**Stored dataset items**
····················

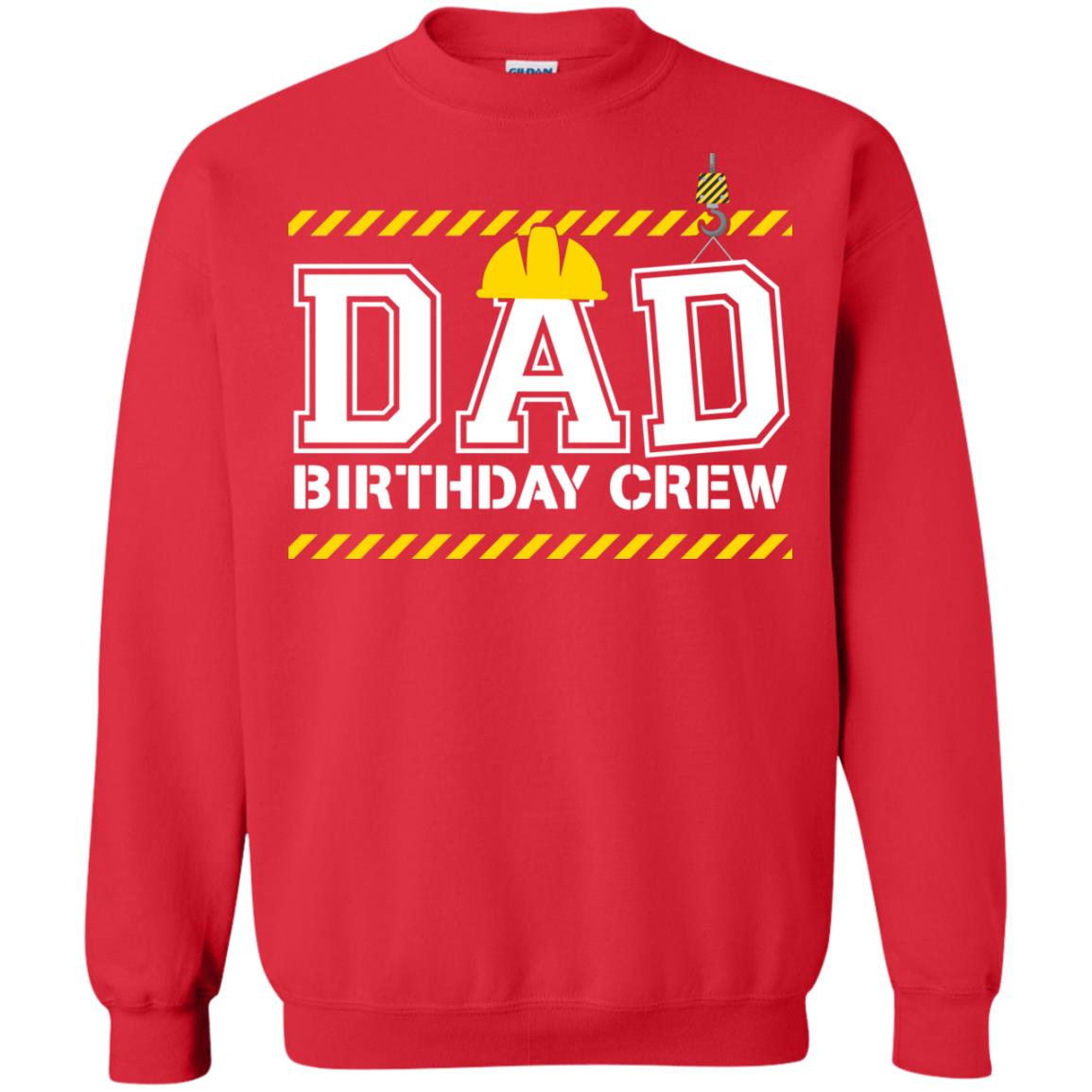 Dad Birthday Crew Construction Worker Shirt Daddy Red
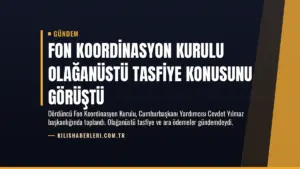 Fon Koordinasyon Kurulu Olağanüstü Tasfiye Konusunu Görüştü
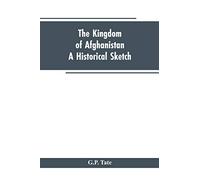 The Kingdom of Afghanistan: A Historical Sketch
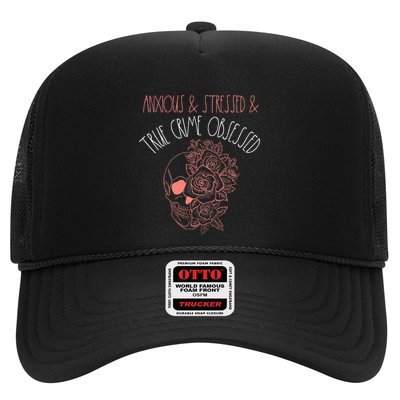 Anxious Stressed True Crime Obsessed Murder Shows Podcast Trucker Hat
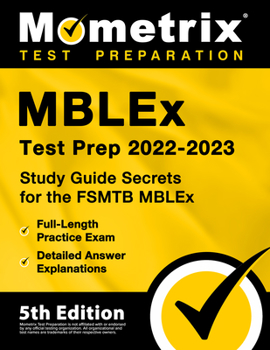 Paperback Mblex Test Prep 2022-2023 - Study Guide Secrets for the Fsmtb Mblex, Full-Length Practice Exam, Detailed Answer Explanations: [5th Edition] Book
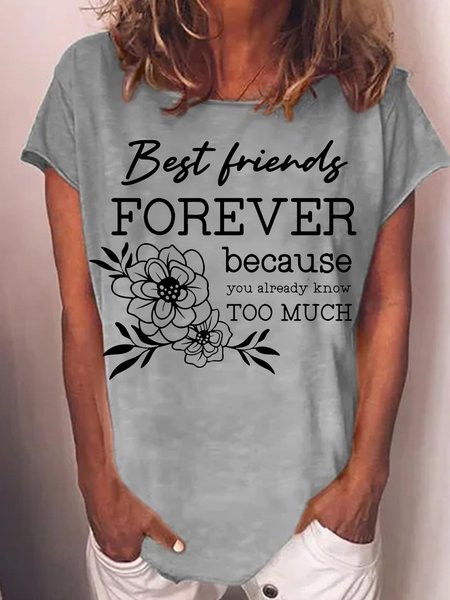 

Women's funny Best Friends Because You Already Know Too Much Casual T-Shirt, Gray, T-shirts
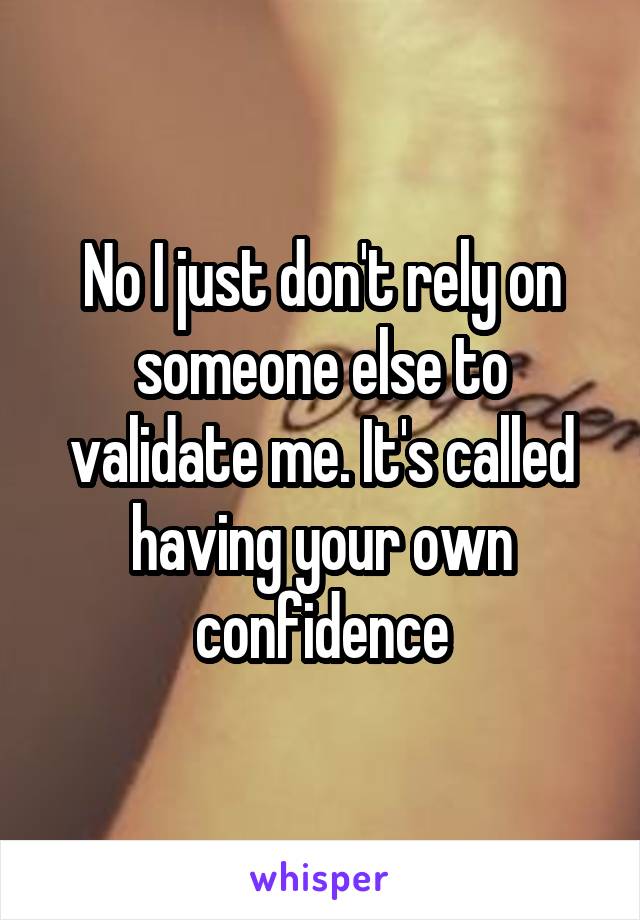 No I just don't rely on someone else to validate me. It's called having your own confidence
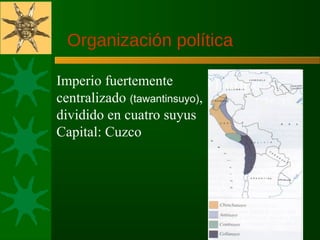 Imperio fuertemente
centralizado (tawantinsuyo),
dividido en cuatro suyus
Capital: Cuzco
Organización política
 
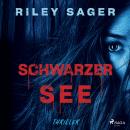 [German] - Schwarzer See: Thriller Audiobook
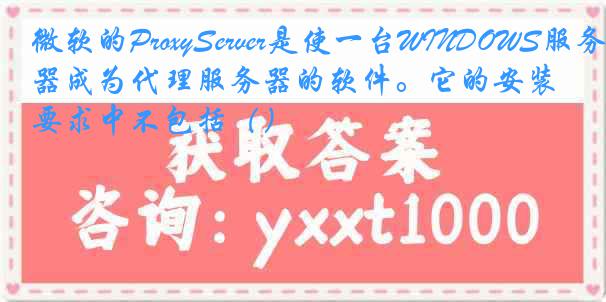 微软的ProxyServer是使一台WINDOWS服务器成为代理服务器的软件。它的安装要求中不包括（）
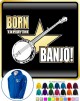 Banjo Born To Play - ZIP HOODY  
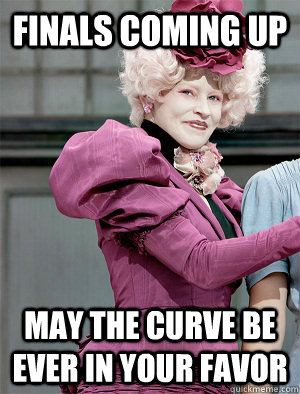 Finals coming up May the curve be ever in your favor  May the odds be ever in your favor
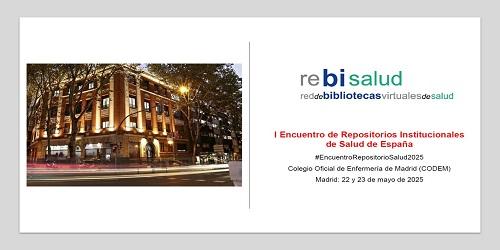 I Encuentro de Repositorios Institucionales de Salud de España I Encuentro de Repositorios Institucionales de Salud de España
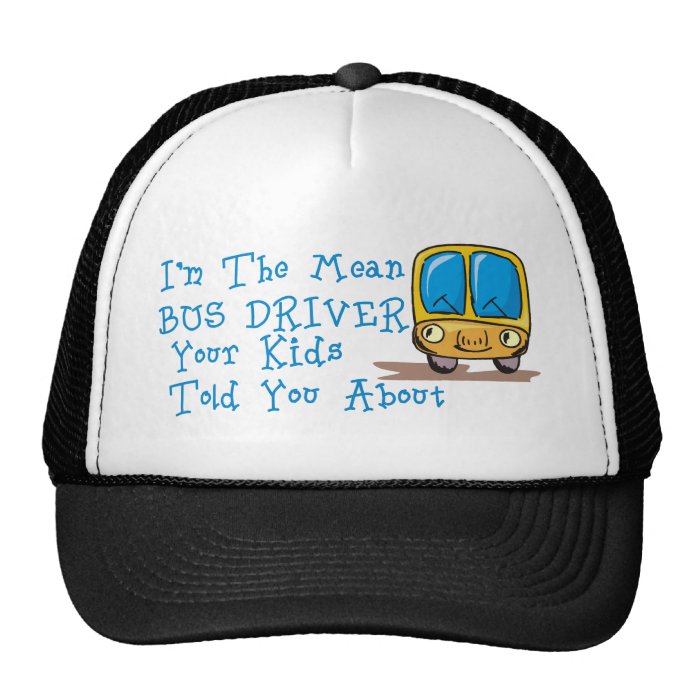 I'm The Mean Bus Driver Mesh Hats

····················

**WHAT YOU NEED TO DO**
The lines from the top of the data above through the one holding "Banjo Born To Play - ZIP HOODY" are to be repeated exactly, and only those, with no pictures.

**RESULT BELOW**
 Dad Birthday Crew Construction Worker Shirt Daddy Red
 Fon Koordinasyon Kurulu Olağanüstü Tasfiye Konusunu Görüştü
 The Kingdom of Afghanistan: A Historical Sketch
 Anxious Stressed True Crime Obsessed Murder Shows Podcast Trucker Hat
 Paperback Mblex Test Prep 2022-2023 - Study Guide Secrets for the Fsmtb Mblex, Full-Length Practice Exam, Detailed Answer Explanations: [5th Edition] Book

Women's funny Best Friends Because You Already Know Too Much Casual T-Shirt, Gray, T-shirts
 No I just don't rely on someone else to validate me. It's called having your own confidence
 Imperio fuertemente
centralizado (tawantinsuyo),
dividido en cuatro suyus
Capital: Cuzco
Organización política
 
 [German] - Schwarzer See: Thriller Audiobook
 微软的ProxyServer是使一台WINDOWS服务器成为代理服务器的软件。它的安装要求中不包括（）
 Banjo Born To Play - ZIP HOODY  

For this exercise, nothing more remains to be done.